# ML lifecycle automation tools

## MLflow

MLflow is an open-source platform developed by Databricks that allows ML practitioners, such as data scientists and ML engineerings, to automate the complete end-to-end machine learning lifecycle using a simple and intuitive code interface. It includes tools for tracking experiments, packaging code into reproducible runs and sharing and deploying models. Its open interface design can work with any language or platform, with clients in Python and Java, and is accessible through a REST API. 

MLflow provides APIs for logging parameters, code versions, metrics, and artifacts when running your machine learning code and for later visualizing the results. It also provides a library of reusable components for machine learning tasks, such as pre-processing data and training models, that can be packaged into a reusable, reproducible run.

In addition, MLflow integrates with a variety of machine learning libraries, including TensorFlow, PyTorch, and sci-kit-learn, allowing you to use the tools you are already familiar with while taking advantage of the advanced tracking and management capabilities of MLflow.
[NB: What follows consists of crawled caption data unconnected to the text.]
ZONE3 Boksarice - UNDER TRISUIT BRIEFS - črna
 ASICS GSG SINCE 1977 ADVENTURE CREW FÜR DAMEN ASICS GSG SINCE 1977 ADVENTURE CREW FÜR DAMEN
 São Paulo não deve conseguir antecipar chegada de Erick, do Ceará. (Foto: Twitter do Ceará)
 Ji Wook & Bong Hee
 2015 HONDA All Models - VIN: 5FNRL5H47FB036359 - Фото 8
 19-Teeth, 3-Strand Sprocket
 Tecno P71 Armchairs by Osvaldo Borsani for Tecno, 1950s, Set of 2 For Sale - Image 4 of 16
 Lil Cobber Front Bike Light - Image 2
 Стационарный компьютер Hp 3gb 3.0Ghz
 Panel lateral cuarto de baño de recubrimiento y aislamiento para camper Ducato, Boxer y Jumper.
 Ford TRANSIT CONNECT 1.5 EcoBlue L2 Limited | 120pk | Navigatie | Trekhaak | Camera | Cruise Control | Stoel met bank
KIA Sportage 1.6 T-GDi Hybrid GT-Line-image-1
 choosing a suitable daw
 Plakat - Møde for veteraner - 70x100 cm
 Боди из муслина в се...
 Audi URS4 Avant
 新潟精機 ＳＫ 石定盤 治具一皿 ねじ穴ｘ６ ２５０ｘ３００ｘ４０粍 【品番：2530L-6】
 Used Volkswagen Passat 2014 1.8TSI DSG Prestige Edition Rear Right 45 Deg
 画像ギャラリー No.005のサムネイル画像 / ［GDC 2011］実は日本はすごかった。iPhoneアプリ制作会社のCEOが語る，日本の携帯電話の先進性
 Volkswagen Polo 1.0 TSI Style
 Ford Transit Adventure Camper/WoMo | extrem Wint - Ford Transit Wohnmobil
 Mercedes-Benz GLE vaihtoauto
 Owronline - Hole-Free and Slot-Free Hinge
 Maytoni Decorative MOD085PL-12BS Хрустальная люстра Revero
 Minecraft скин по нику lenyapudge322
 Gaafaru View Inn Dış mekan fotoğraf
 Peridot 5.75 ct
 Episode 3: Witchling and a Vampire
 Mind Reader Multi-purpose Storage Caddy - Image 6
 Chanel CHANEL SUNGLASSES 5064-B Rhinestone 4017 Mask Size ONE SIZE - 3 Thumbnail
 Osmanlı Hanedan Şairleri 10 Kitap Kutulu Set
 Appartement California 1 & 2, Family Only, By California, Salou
For this post, you will need the following prerequisites:

- The latest version of Docker installed in your machine. In case you don't have the latest version, please follow the instructions at the following URL: https://docs.docker.com/get-docker/.
- Access to a bash terminal (Linux or Windows).
- Access to a browser.
- Python 3.5+ installed.
- PIP installed.

## Why MLflow?

MLflow provides a single platform for everyday practitioners to handle the entire machine learning lifecycle, from iterating on model development to deploying it in a scalable and reliable environment that meets modern software system requirements.It facilitates the colaboration across roles and standarize the set of tools use a high level.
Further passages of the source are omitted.